Evgenij Kozlov - Евгений Козлов

Анна Каренина 2 / Anna Karenina 2

Öl, grundierter Stoff / масло, грунтованная ткань, 215 x 149 cm , 1988

"Neues Theater"
Anna Karenina

„Новый театр“
Анна Каренина

Анна Каренина 2 / Anna Karenina 2



Einige einführende Bemerkungen zu "Anna Karenina 2" können in der Beschreibung von "Anna Karenina 1" >> nachgelesen werden. Dies betrifft die Gestaltung der Leinwand und ihre Bedeutung als Bildrahmen (Bildfenster). Ebenso ist die generelle Beschreibung des künstlerischen Prozesses von der Fotografie über die übermalte Fotografie zum Gemälde gültig, insbesondere, was die technischen Aspekte bei der Übermalung der Fotografie betrifft.

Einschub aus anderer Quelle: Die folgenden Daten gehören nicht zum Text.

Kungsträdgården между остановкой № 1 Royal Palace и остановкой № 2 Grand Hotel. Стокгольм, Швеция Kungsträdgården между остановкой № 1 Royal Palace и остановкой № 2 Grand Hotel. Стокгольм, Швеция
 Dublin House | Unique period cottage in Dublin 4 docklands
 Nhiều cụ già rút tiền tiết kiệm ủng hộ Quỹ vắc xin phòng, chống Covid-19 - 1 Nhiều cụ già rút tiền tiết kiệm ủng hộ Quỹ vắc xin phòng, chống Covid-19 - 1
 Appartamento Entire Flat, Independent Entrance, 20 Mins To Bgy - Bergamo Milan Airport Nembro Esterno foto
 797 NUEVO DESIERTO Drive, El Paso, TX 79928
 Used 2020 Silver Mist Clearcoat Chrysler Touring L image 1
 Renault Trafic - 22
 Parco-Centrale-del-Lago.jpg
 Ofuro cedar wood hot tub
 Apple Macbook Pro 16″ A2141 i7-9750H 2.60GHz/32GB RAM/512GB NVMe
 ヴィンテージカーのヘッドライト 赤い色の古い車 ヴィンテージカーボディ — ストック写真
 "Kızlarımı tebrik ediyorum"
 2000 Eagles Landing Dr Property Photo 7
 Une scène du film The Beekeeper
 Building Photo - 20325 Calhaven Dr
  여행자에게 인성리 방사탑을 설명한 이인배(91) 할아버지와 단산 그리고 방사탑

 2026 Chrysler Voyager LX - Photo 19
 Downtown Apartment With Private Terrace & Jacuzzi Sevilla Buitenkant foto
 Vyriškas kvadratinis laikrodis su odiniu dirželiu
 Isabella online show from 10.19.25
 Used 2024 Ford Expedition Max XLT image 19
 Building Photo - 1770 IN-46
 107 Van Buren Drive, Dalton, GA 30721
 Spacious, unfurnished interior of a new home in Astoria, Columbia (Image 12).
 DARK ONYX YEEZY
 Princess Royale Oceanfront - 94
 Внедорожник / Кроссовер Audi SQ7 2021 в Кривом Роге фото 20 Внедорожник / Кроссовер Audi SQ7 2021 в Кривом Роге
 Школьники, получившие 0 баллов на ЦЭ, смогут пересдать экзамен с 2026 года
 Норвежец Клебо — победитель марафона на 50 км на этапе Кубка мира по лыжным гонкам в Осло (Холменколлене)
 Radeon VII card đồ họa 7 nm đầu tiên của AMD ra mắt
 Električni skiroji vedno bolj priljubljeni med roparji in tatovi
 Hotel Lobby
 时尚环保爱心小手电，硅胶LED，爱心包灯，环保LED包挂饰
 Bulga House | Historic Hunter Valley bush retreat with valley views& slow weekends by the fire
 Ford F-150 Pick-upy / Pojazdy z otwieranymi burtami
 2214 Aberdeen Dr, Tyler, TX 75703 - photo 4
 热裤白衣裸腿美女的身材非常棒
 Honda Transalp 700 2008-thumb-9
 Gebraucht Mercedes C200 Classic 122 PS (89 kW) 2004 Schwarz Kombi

Darüberhinaus haben die beiden Gemälde nicht nur gemeinsame Wurzeln in der Fotoserie "Anna Karenina", aus dem sich der Untertitel der Werke erklärt. Vor allem sind sie in der Art und Weise ihrer Transformation vergleichbar, nämlich in der Schaffung eines die Figuren umgebenden kosmischen Raums. Die strahlende Farbigkeit, die Dynamik der Perspektive, die komplexe Interaktion von Figuren und Raum, das In-Einander-Übergehen von malerisch gestalteten Farbflächen, abstrakt-graphischen Elementen und realistisch wirkenden Bildpartien - all macht das Gemälde absolut innovativ und den Künstler unverwechselbar. Dies sind die herausragenden technischen Mittel, die Evgenij Kozlov für die Materialisierung seiner künstlerischen Empfindungen nutzt, in deren Zentrum der Mensch mit seinen geistigen Eigenschaften und Verbindungen steht.

Verfolgen wir den Weg von der Fotografie zum Gemälde.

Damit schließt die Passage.